**Work request**: Please give the lines below again exactly as they stand, from the one that contains "Photos Mahogany wood" up to and including the one that contains "Foto: Eine Person", leaving all pictures out.
··· Provided records ···
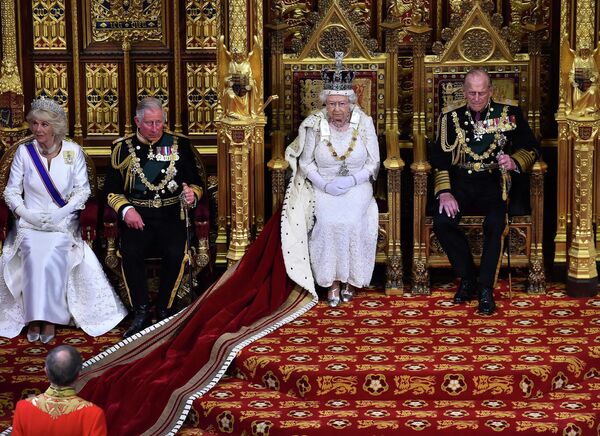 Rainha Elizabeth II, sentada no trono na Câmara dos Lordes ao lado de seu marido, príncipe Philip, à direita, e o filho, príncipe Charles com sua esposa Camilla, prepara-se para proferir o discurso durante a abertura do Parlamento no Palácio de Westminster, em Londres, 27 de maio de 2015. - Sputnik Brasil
···
··· Provided records ···
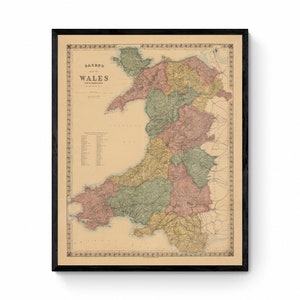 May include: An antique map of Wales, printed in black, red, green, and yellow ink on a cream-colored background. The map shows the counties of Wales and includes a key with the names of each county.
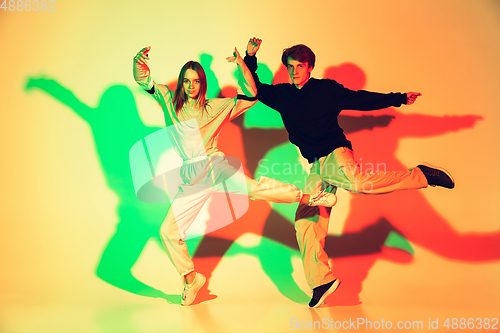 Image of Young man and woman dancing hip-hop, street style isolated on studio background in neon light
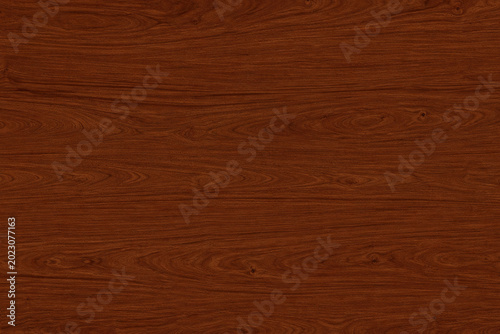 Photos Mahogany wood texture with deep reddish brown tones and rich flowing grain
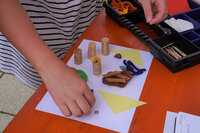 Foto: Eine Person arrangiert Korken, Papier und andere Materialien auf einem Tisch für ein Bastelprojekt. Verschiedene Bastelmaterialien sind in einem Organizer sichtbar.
···
··· Provided records ···
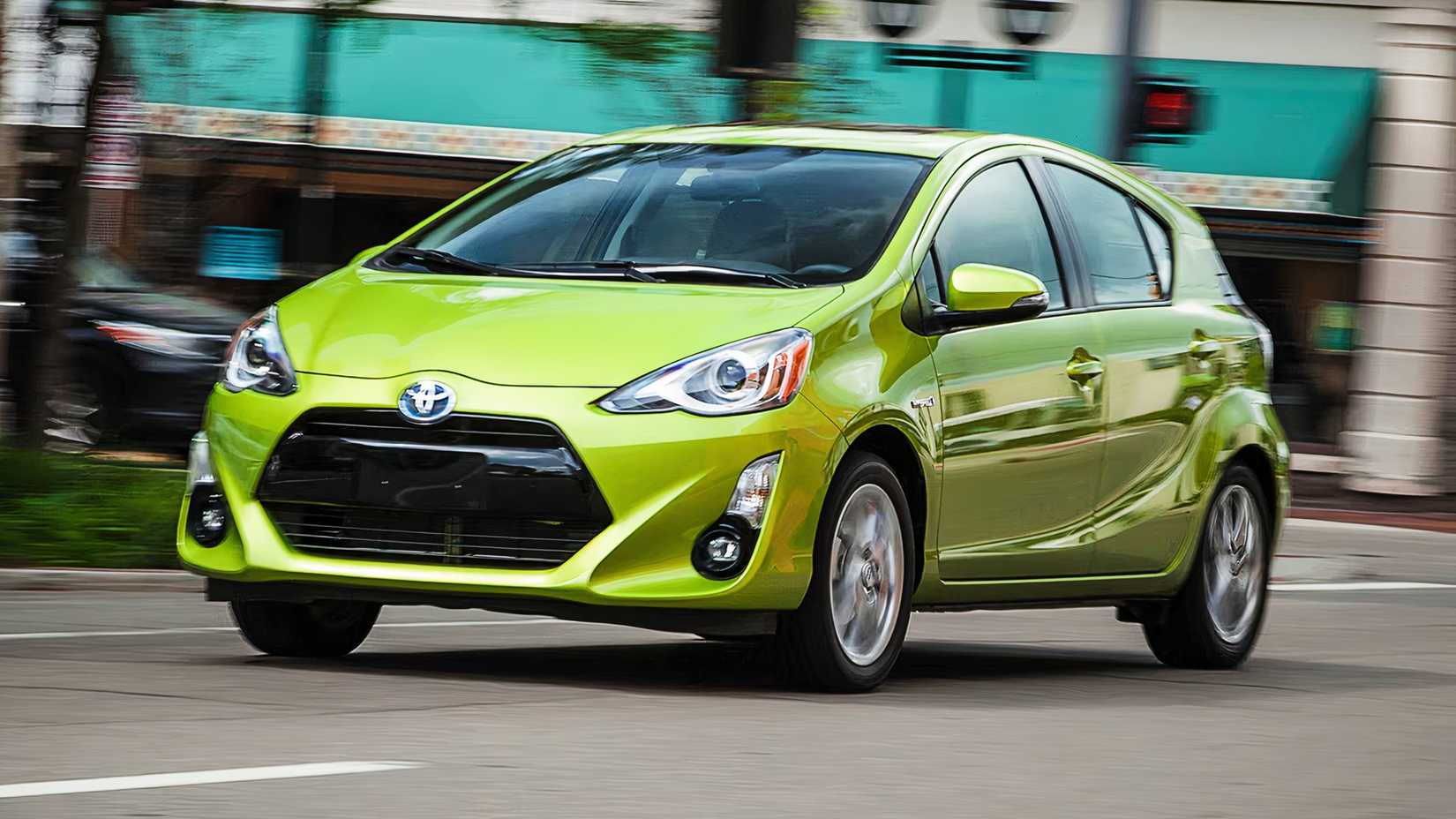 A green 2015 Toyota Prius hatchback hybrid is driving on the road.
···
**Task output**:
 Photos Mahogany wood texture with deep reddish brown tones and rich flowing grain
 Foto: Eine Person arrangiert Korken, Papier und andere Materialien auf einem Tisch für ein Bastelprojekt. Verschiedene Bastelmaterialien sind in einem Organizer sichtbar.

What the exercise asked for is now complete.